SPECIAL TO WORLD TRIBUNE.COM
Tuesday, August 19, 2003

The United States has concluded that Al Qaida and its allies are taking over the Sunni insurgency war in Iraq.

U.S. officials said Central Command officers in Iraq have seen increasing evidence of Al Qaida and Islamic volunteer forces participating and even leading the insurgency war in the Sunni Triangle. They said Al Qaida has succeeded in presenting Iraq as the next arena for what the movement terms the Islamic holy war against the United States.

"Foreign terrorists are attracted to areas where the coalition is on the offense in the global war on terror, and in Iraq we are on the offense in the global war on terror," Defense Department acting spokesman Lawrence Di Rita said. "There's clearly an indication that foreign terrorists are involved in the kind of violence that we see here."

[On Monday, an Al Qaida spokesman said in a tape broadcast on the Dubai-based Al Arabiya television that Osama Bin Laden and Taliban chief Mullah Omar were alive, Middle East Newsline reported.

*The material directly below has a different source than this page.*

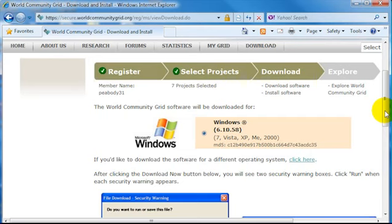Once you're ready, click Install and the installation process will begin. Depending on your connection speed, this could take a few minutes, so just be patient.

The spokesman, identified as Abdul Rahman Al Najdi, reiterated a call to Muslims to fight U.S. troops in Iraq.]

Officials said the methods of Al Qaida differ from those of loyalists to deposed Iraqi President Saddam Hussein. They said the Al Qaida insurgents favor truck and roadside bombs rather than engaging U.S. troops with mortars, rocket-propelled grenades or small arms fire.

"I think we clearly are adapting as, as you understand, that what began as attacks that were primarily small-arms based evolved into mortars and then rocket-propelled grenades, and now increasingly is through the use of improvised explosive devices," Lt. Gen. Norton Schwartz, director of operations for the Joint Chiefs of Staff, said. "We will adapt to that reality and appropriately provide for force protection for our forces while we engage the perpetrators, both during an event but, more importantly, to engage them prior to an act of violence against our forces."

Officials and analysts have asserted that Al Qaida and aligned groups will increase their involvement in Iraq. They cite the re-entry of Al Qaida-sponsored groups such as Ansar Islam and Abu Musab Al Zarqawi, both of whom were active in Iraq before the U.S.-led war in March.

"They're [U.S. military] going after these foreign terrorists and finding them," White House spokesman Scott McClellan said on Monday. "And they will continue to do that and defeat them wherever they may be."

Kurdish sources in northern Iraq said Ansar Islam has infiltrated the cities of Kirkuk and Suleimaniya. They said the Ansar operatives have been inciting residents of those cities to attack U.S. troops.

"What I think they're [Al Qaida] attempting to do is to make Iraq into the 21st century version of what Afghanistan was," Bruce Hoffman, vice president for external affairs at the Washington-based Rand Corp. and a consultant on terrorism, said. "In other words, a rallying cry, a place where foreign fighters are supposed to come to defend Islam, that now is not the time to operate."